Jamais encore, par pudeur, ils n’ont émis
de revendications sur leurs droits matériels en qualité de
victimes de l’hitlérisme à part entière. Mais
à partir du moment ou des hommes, couverts par des institutions
crédibles essaient sous des dehors « bonhomme »,
par des sous-entcndus pernicieux et des formulations équivoques, de
dénaturer leur spécificité de victime du nazisme, de
distiller le doute sur le dur chemin qui a été le leur et de nier
leur mérite d’être devenus, en dehors de la
solidarité nationale des organismes et institutions de victimes de guerre
qui les ont « oubliés », des hommes et des femmes
valeureux, il devient indispensable de faire connaître la
vérité sur la précarité, peu glorieuse, de la
sollicitude et de l’aide qu’ils ont rencontrée auprès
des institutions de la résistance, dont les membres patriotes et
résistants ont si souvent mené le combat contre les nazis aux
côtés des leurs.
C’est pour ce combat qu’ils ont
mené avec courage et qui les honore que nous les respectons, sans pour
autant accepter qu’on puisse nous bafouer.
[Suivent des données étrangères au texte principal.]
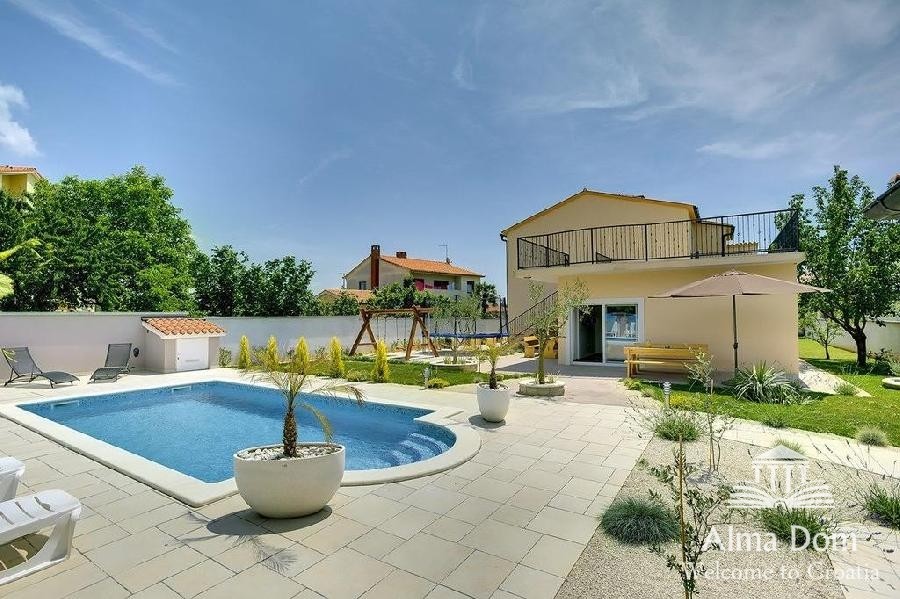 Detached house situated in Medulin. 6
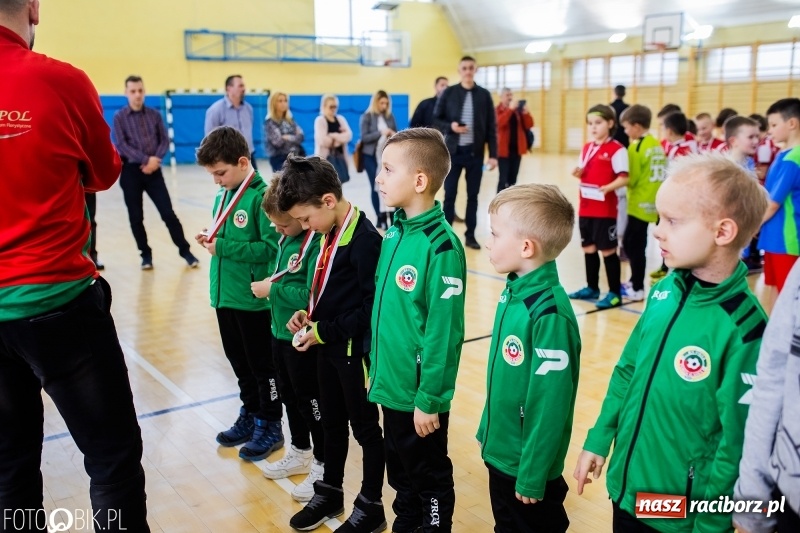 Zdjęcie w galerii na portalu naszraciborz.pl: Rywalizacja żaków w Pietrowicach Wielkich, czyli XVI Zimowa Liga Halowa im. Zbigniewa Oszka wiadomości z regionu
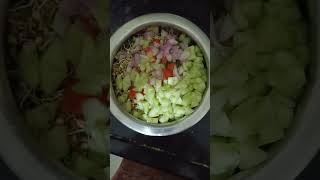 Sprouts Chaat sproutsrecipe sproutschaat chaatrecipe cookingathome easycooking youtubeshorts [upl. by Salokkin]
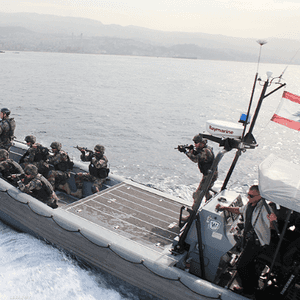 تكثف القوى الأمنية جهودها لمكافحة ظاهرة تهريب الأشخاص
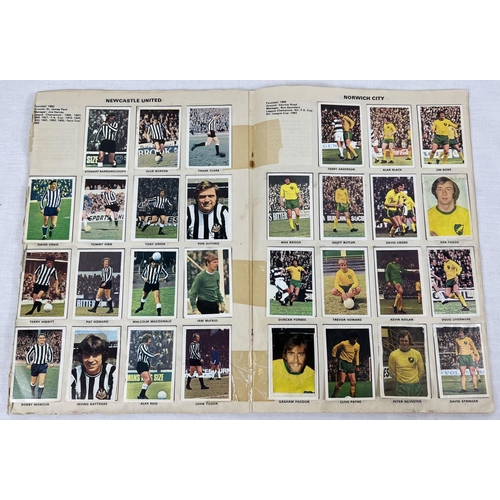 25 - An FKS 1972/3 First Division The Wonderful World of Soccer Stars picture stamp album - Complete.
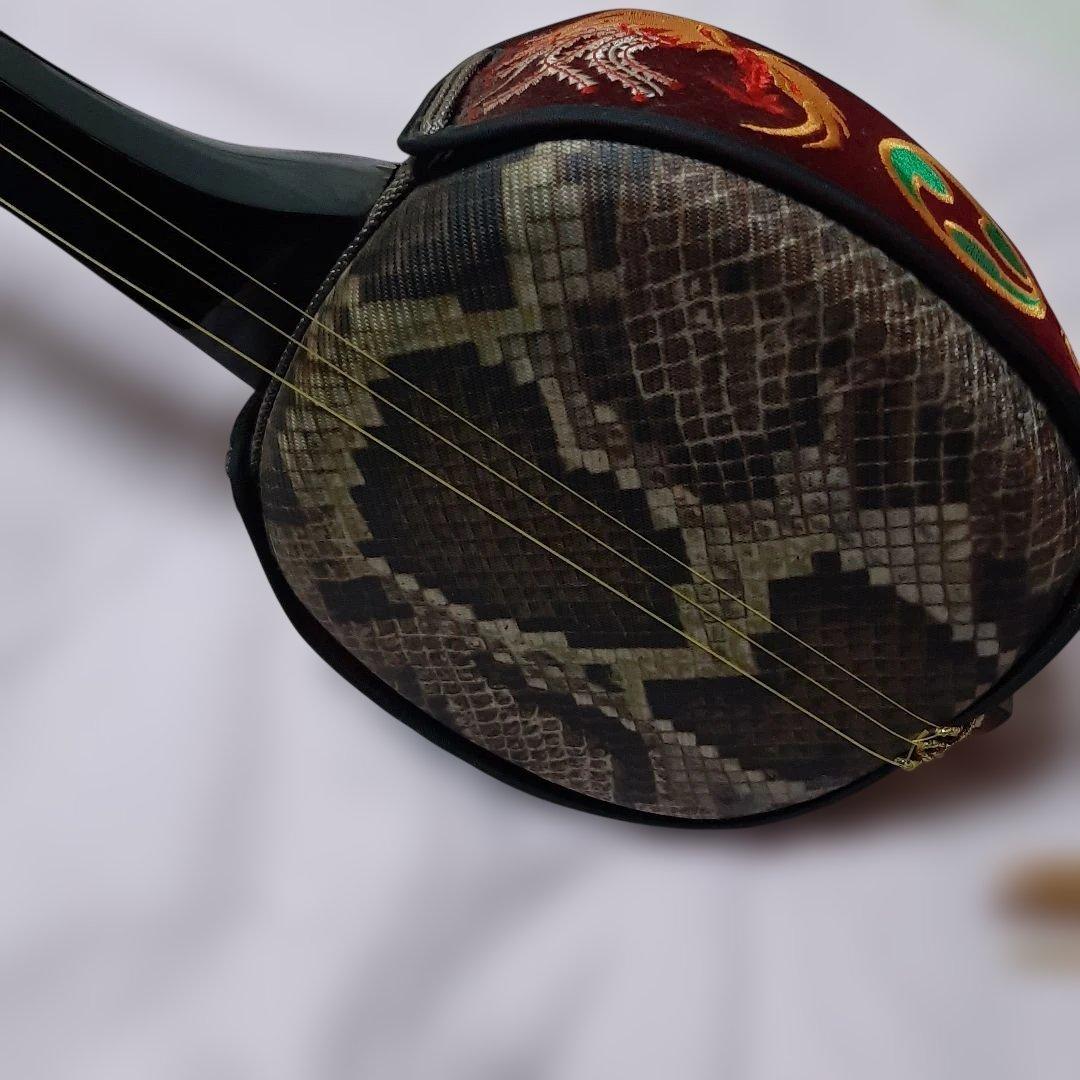 特上沖縄三線◆蛇柄デザイン人工皮革製◆手掛け金色刺繍左三つ巴◆ハードケース付き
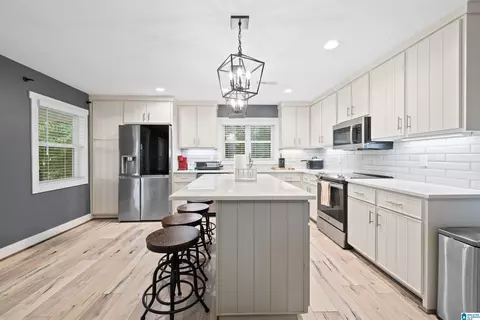 Kitchen - 2516 Red Valley Rd, Remlap, AL 35133 photo 3 of 4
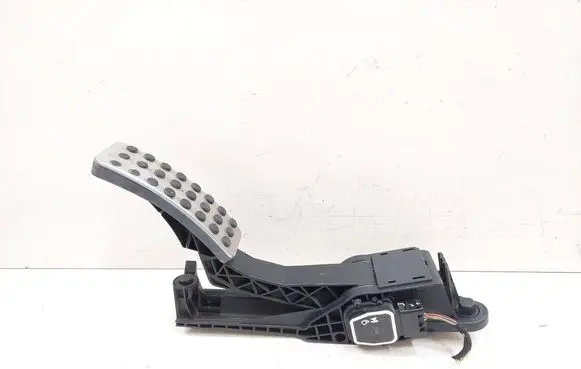 Mercedes-Benz ML W164 Accelerator throttle pedal A1643000104 ZGS005 071204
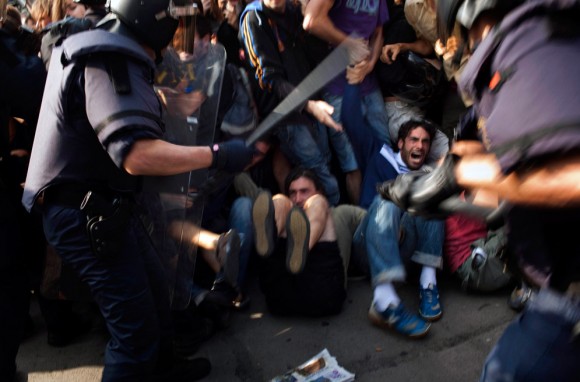 Ισπανία: Πυρ κατά διαδηλωτών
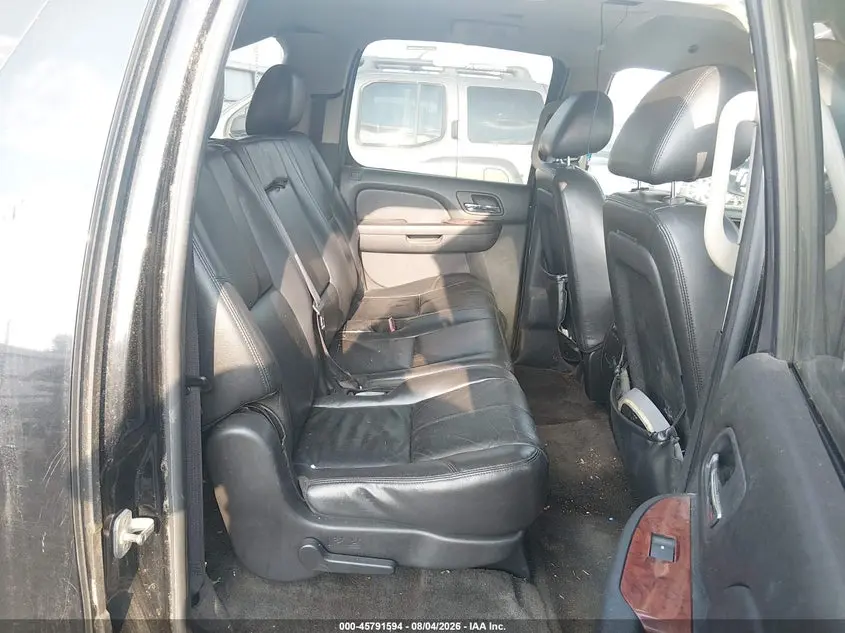 2011 CHEVROLET SUBURBAN 1500 LT1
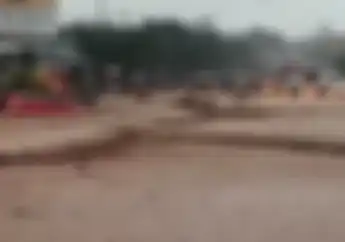Mencekam! Detik-detik Kendaraan Terombang-ambing Tersapu Banjir Bandang, Warga Histeris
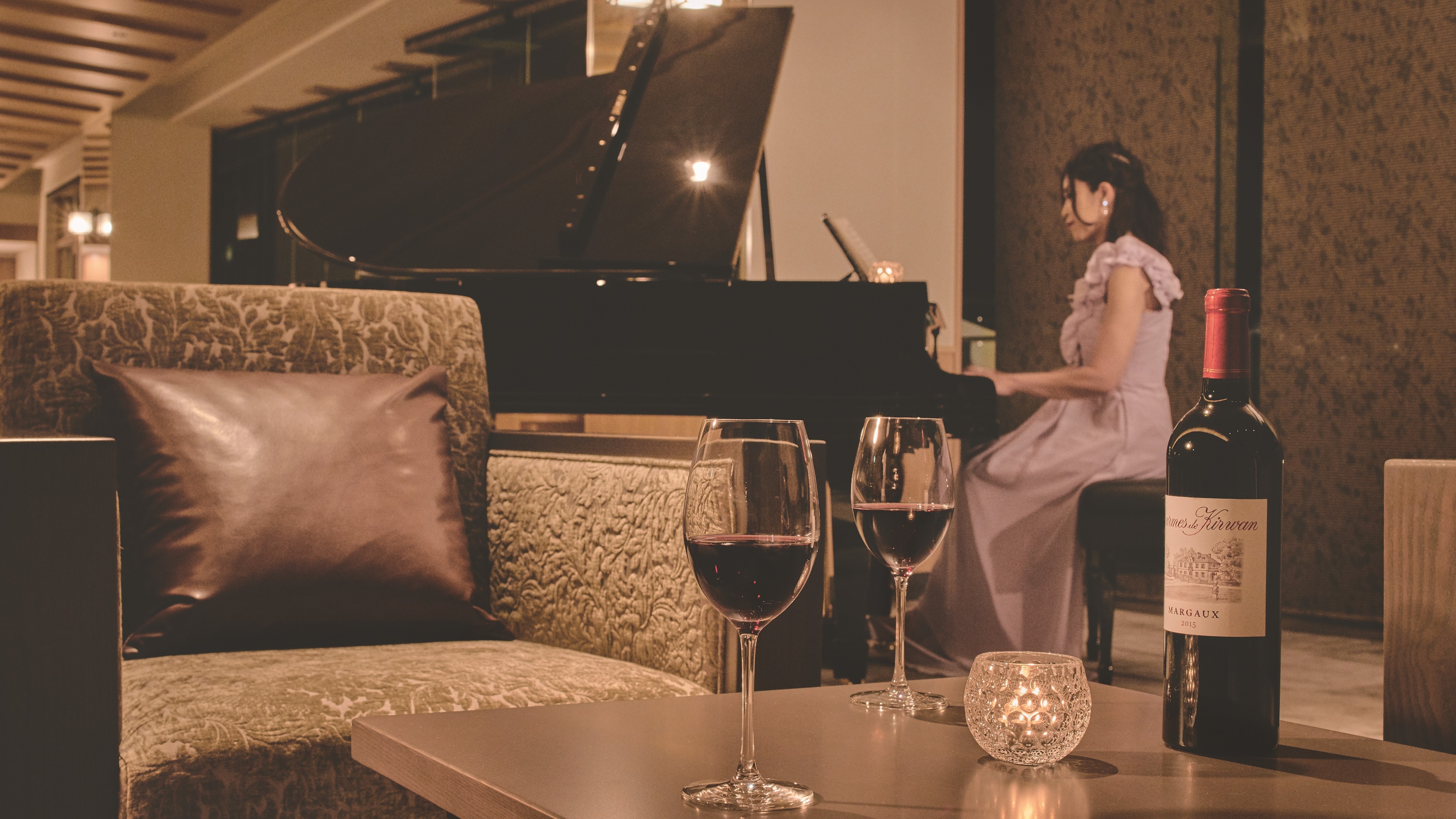 Live piano music in the lobby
Pour toutes ces raisons, nous attendons du Patriote
Résistant et de M. Marc HENRY,
membre actif sinon cadre de la F.N.D.I.R.P., qu’ils fassent sans équivoque la mise au point qui
s’impose, à moins d’en tirer les conséquences, comme
le Président du Bundestag a dû le faire après le
« dérapage » de son discours.
Veuillez agréer, Monsieur le Rédacteur
en Chef, l’expression de nos sentiments attristés d’avoir
à vous adresser la présente.
Annette Zaidman
Secrétaire générale
(1) Sous l’occupation, D. B. fut éducatrice et participa au sauvetage
d’enfants juifs, avant de devenir agent de liaison dans la
Résistance.
(2) La totalité de la famille de D. B. a été assassinée
dans les camps d’extermination.
(3) Marc Bloch fut titulaire de la chaire d’Histoire économique à la Sorbonne et aussi
dirigeant du mouvement « Franc-Tireur » en zone sud. Il a
été arrêté à Lyon, emprisonné à
Montluc, torturé et fusillé sans avoir parlé le 16.6.1944
avec 26 autres résistants.
(4) Les indemnisations ont été payées par
l’Allemagne à la France qui s’est chargée de la
répartition auprès de ses ressortissants.